#### Data extract:
--------------------------------

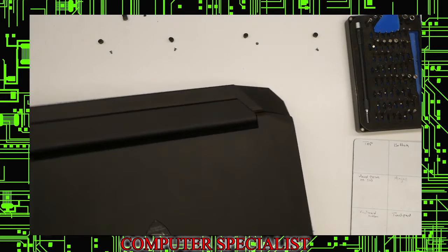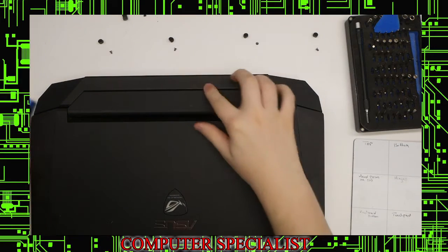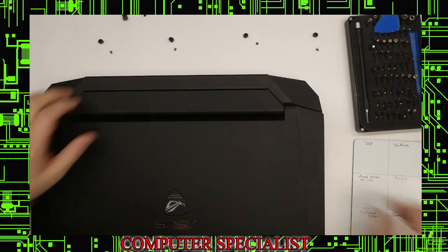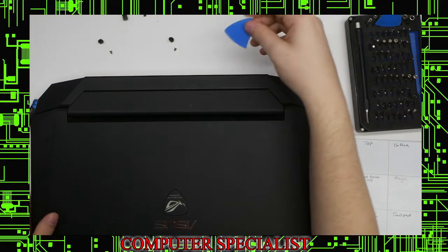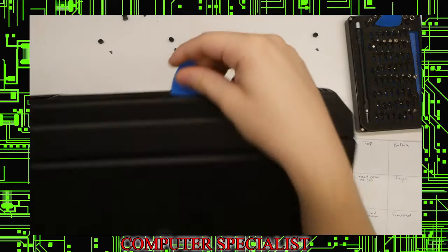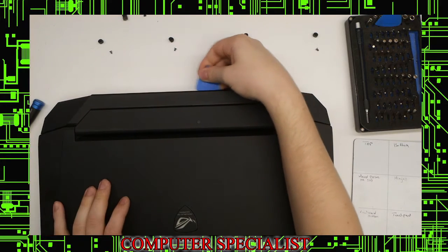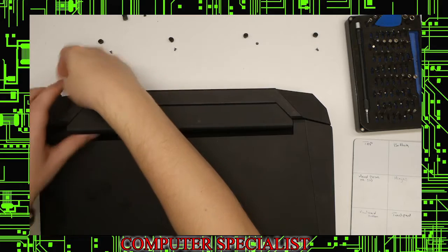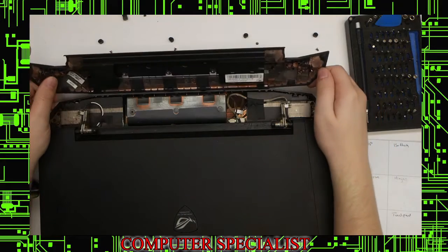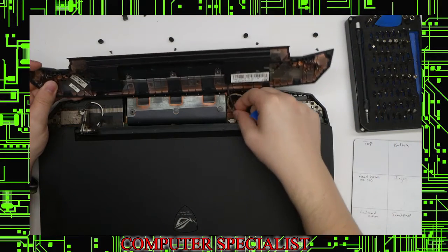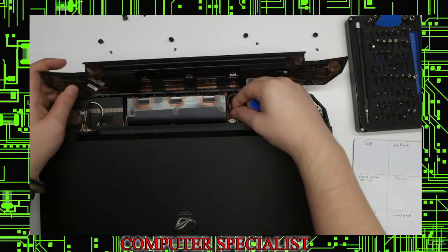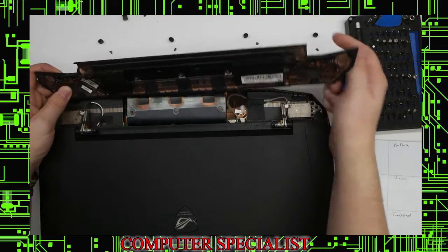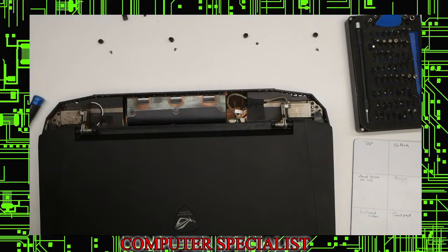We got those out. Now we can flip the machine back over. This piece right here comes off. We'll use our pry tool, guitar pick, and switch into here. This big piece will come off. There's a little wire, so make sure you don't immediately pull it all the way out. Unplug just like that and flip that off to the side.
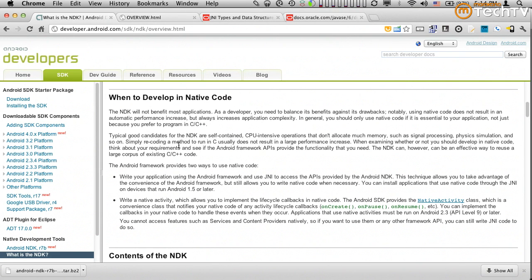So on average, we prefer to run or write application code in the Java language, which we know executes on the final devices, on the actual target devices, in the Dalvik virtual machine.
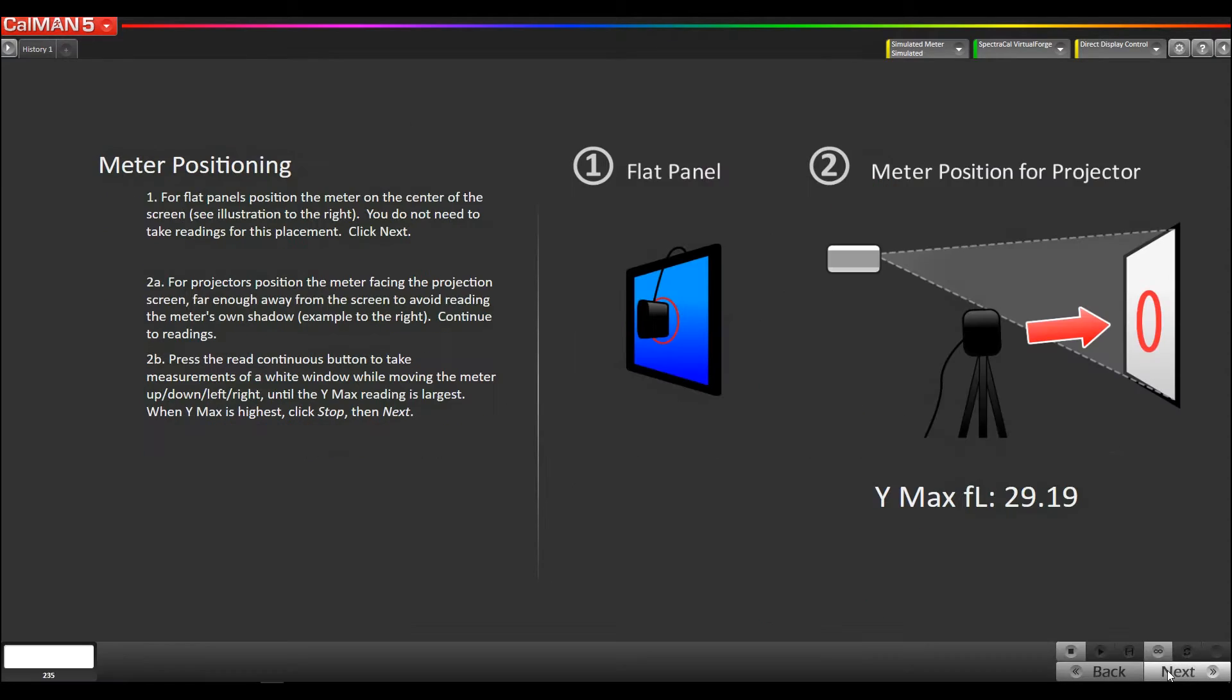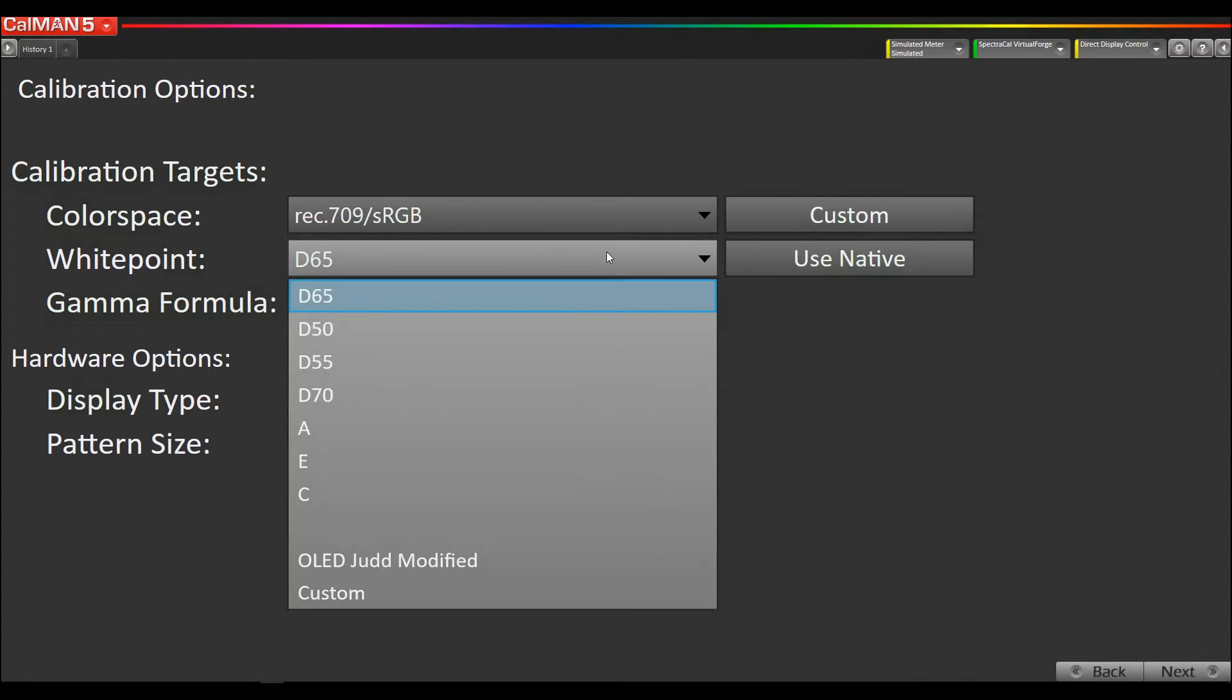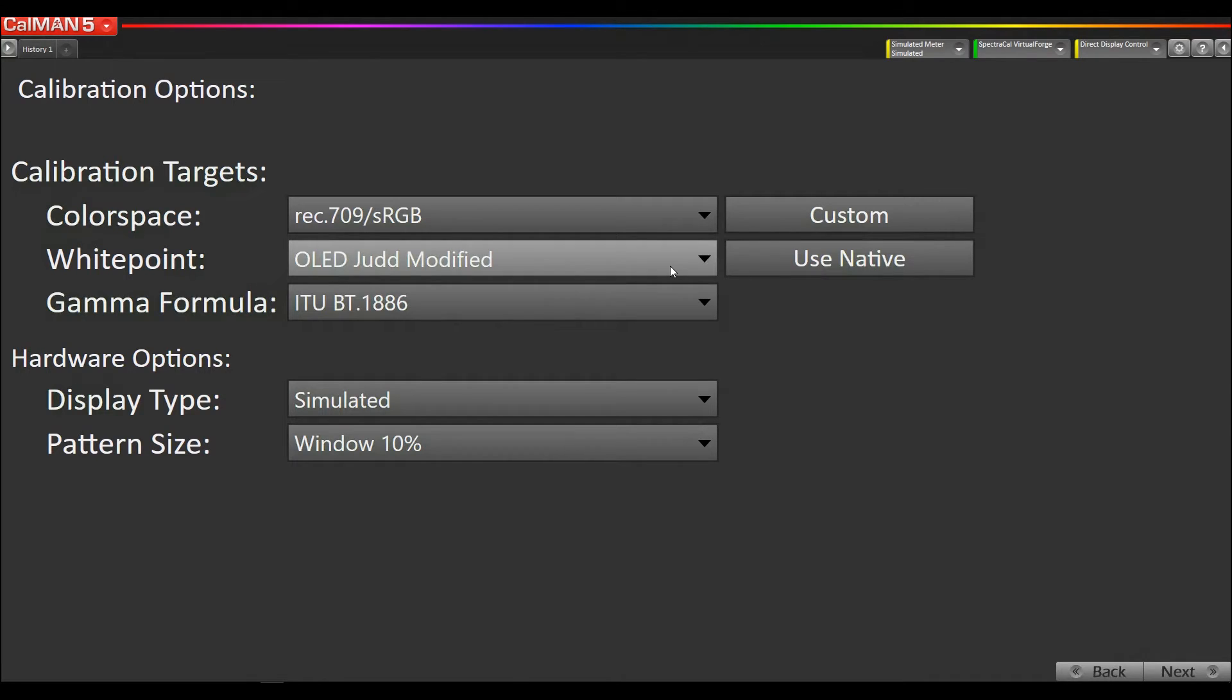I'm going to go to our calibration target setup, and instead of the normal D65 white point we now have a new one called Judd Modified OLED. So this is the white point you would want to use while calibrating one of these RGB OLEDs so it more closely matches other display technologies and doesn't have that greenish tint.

--------------------------------

#### Work task:
Would you restate, word for word and with no pictures, only the lines from the opening of the material through the line with "So on average, we", both included?

#### Response box:
We got those out. Now we can flip the machine back over. This piece right here comes off. We'll use our pry tool, guitar pick, and switch into here. This big piece will come off. There's a little wire, so make sure you don't immediately pull it all the way out. Unplug just like that and flip that off to the side.
So on average, we prefer to run or write application code in the Java language, which we know executes on the final devices, on the actual target devices, in the Dalvik virtual machine.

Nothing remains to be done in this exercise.